= Trachtenberg =

Trachtenberg is a German language name that is also used in other language societies.

== About Trachtenberg as surname ==
(Russian/Ukrainian: Трахтенберг, טראַכֿטנבערג; טרכטנברג, is a surname of several notable people, typically an Ashkenazi Jewish surname, especially Bessarabian and Ukrainian. Sometimes the name is transliterated to Trachtenburg, whilst Jews from Argentina often spell the name Trajtenberg according to Spanish spelling norms.

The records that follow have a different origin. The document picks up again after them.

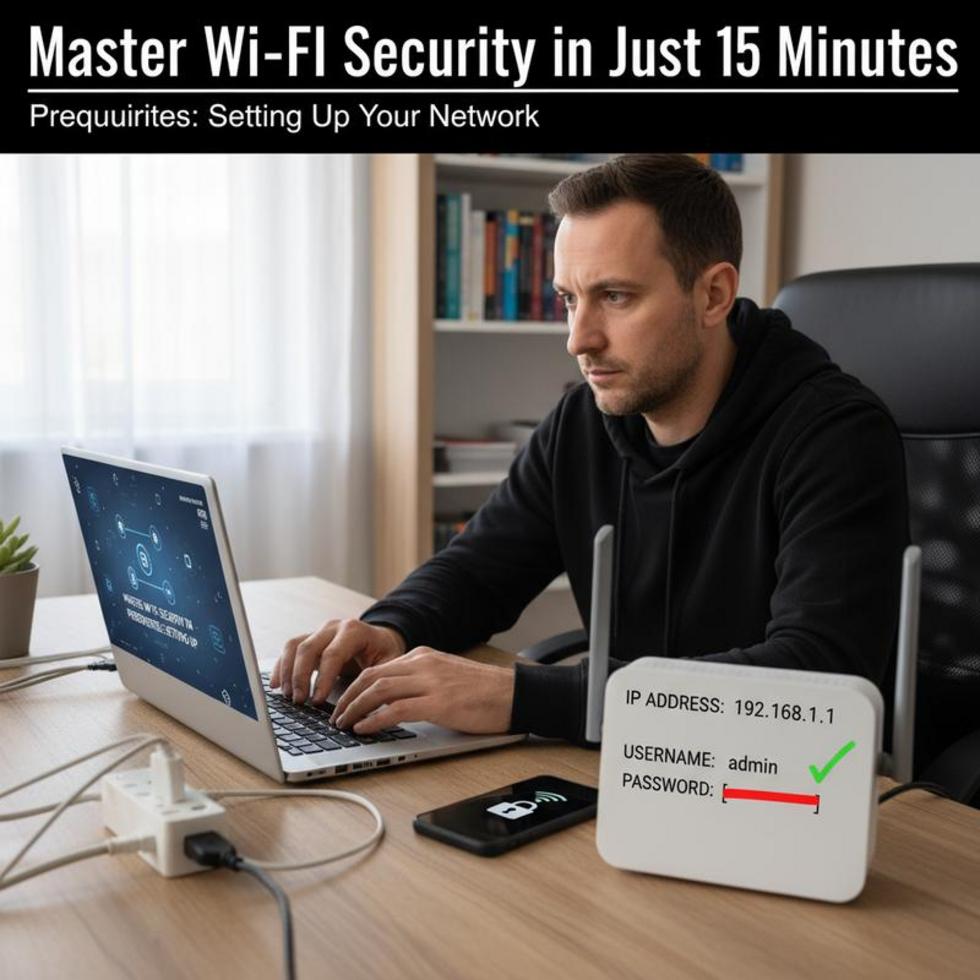 A couple happy with their home Wi-Fi security setup, laptop open on table showing router settings.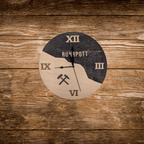 Ruhrpott Wanduhr aus Holz – Schlägel & Eisen – Geschenk für Männer - Gravurliebe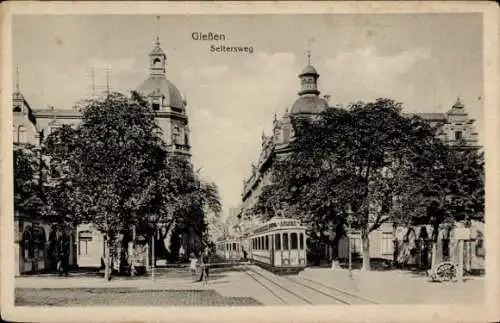 Ak Gießen an der Lahn Hessen, Seltersweg, Straßenbahnen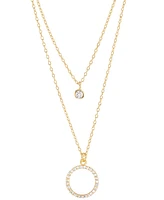 Macy's Cubic Zirconia Two-Row Pendant Necklace Sterling Silver or 14k Gold Over Silver, 18" + 2" extender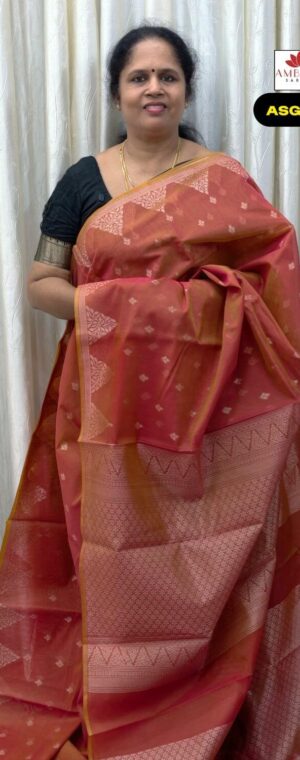 Brick Red Semi Silk Cotton Saree With Silver Pallu | ASG370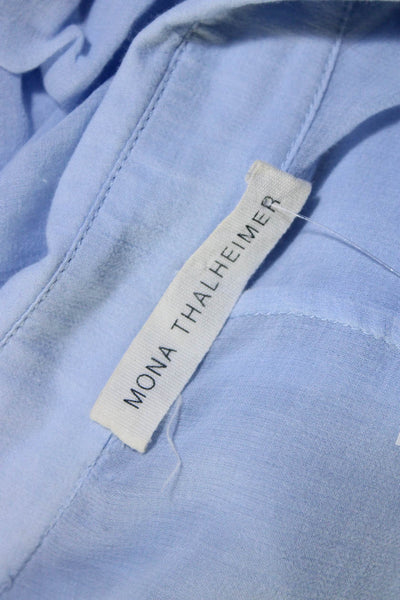 Mona Thalheimer Women's Long Sleeves Ruffle Button Down Blouse Blue Size S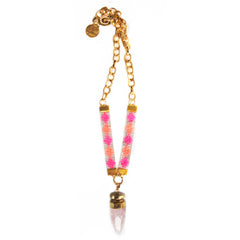 St Tropez Crystal Quartz Necklace - Neon Pink - Horizon Bliss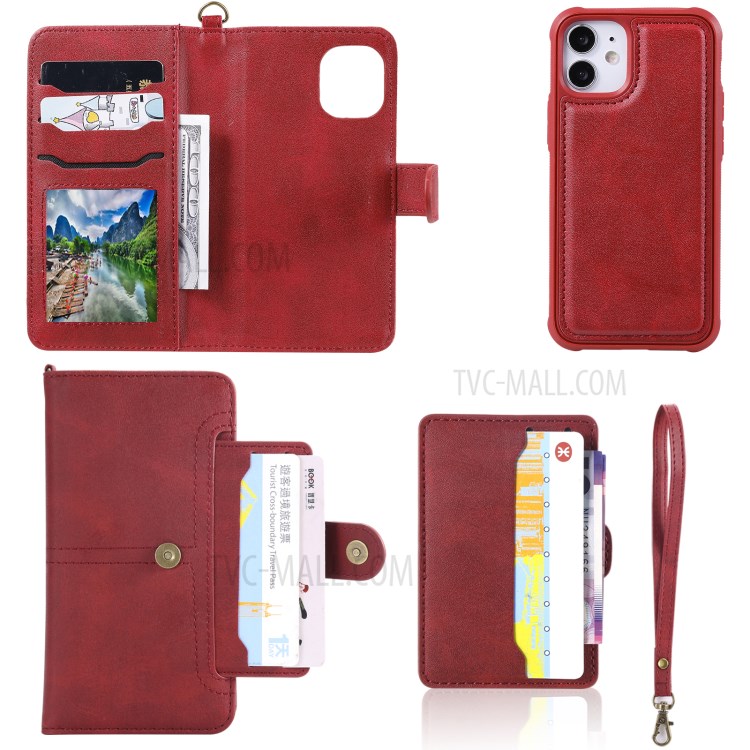 Caso De Carteira De Suporte De Telefone Magnético 2-in-1 Para IPhone 12 Mini - Vermelho-9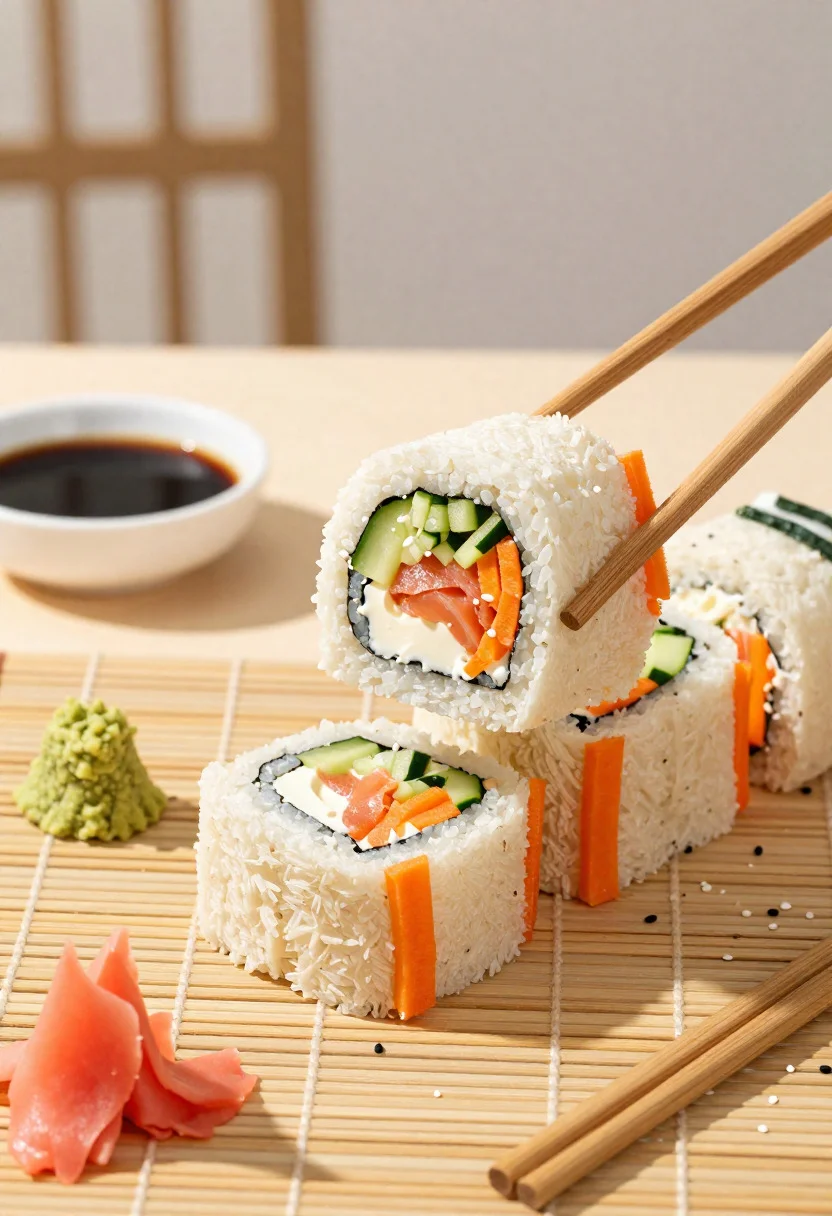 Close up overhead view of bread sushi rolls with colorful fillings
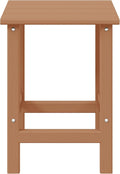 Side Table for Adirondack Chairs, 14 x 14 x 18 Inch HDPE in Teak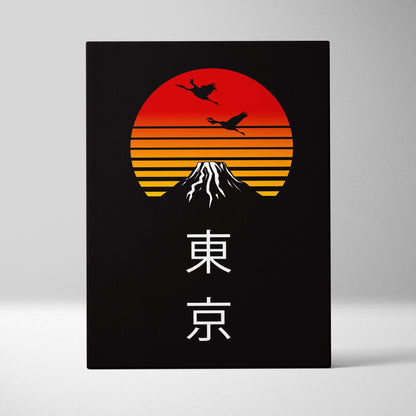 Black canvas print of tokyo sunset featuring stylized mount fuji and two cranes with orange and red stripes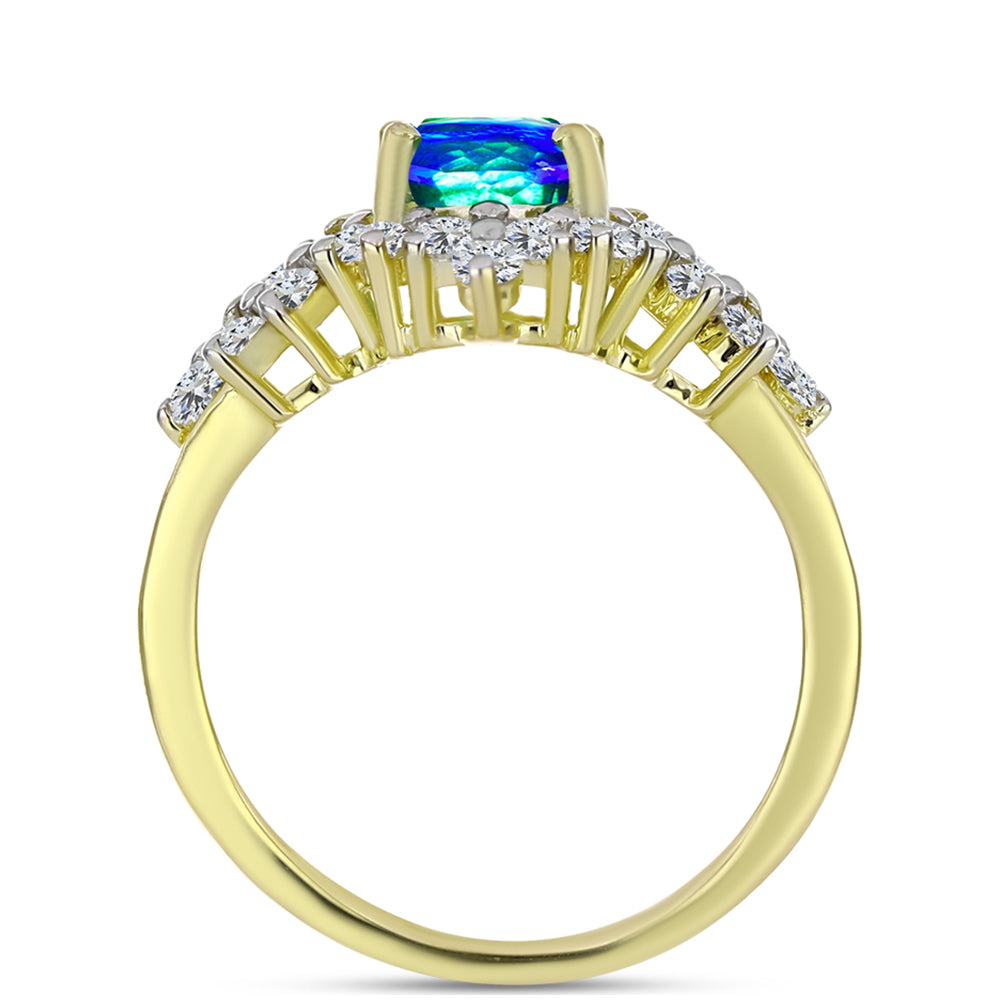 Inel din Argint 925 Placat cu Aur ( 3.49 grame ) cu Cuarț Păun și Topaz Alb 2.43 Carate 2 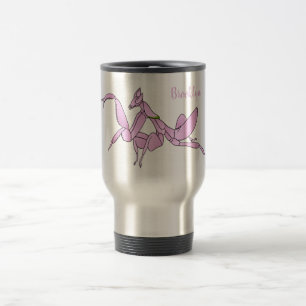 Orchid mantis cartoon illustration travel mug
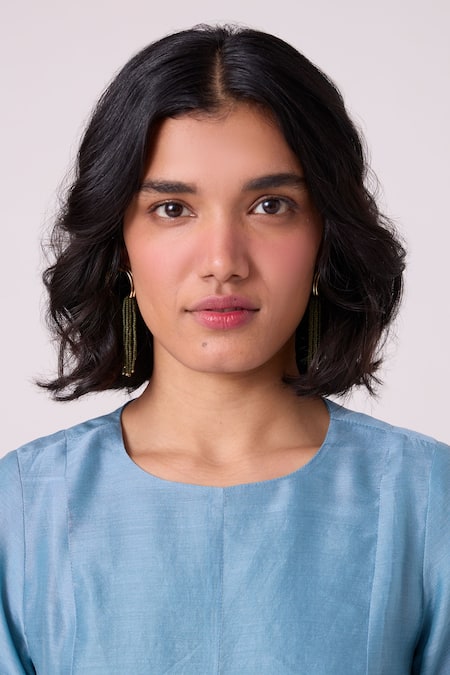 Buy_The Summer House_Blue Chanderi Round Neck Diana Handwoven Tiered Dress _Online_at_Aza_Fashions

Some more recent immigrants from the former Soviet Union have had the name transliterated as Trakhtenberg when entering the US.

Trachtenberg, literally "a mountain of costumes" (in German), or "a mountain of thoughts" (in Yiddish), is a modification of the former German name of a town in Silesia (Trachenberg "Dragon Castle") now called by the Polish name Żmigród, where Jews were a significant part of the population until World War II and the Holocaust. Jews who bear this name are usually descendants of families who moved from Trachtenburg, Silesia, to another place in central or eastern Europe (and then elsewhere, later on). They became known in their new communities by their former place of residence.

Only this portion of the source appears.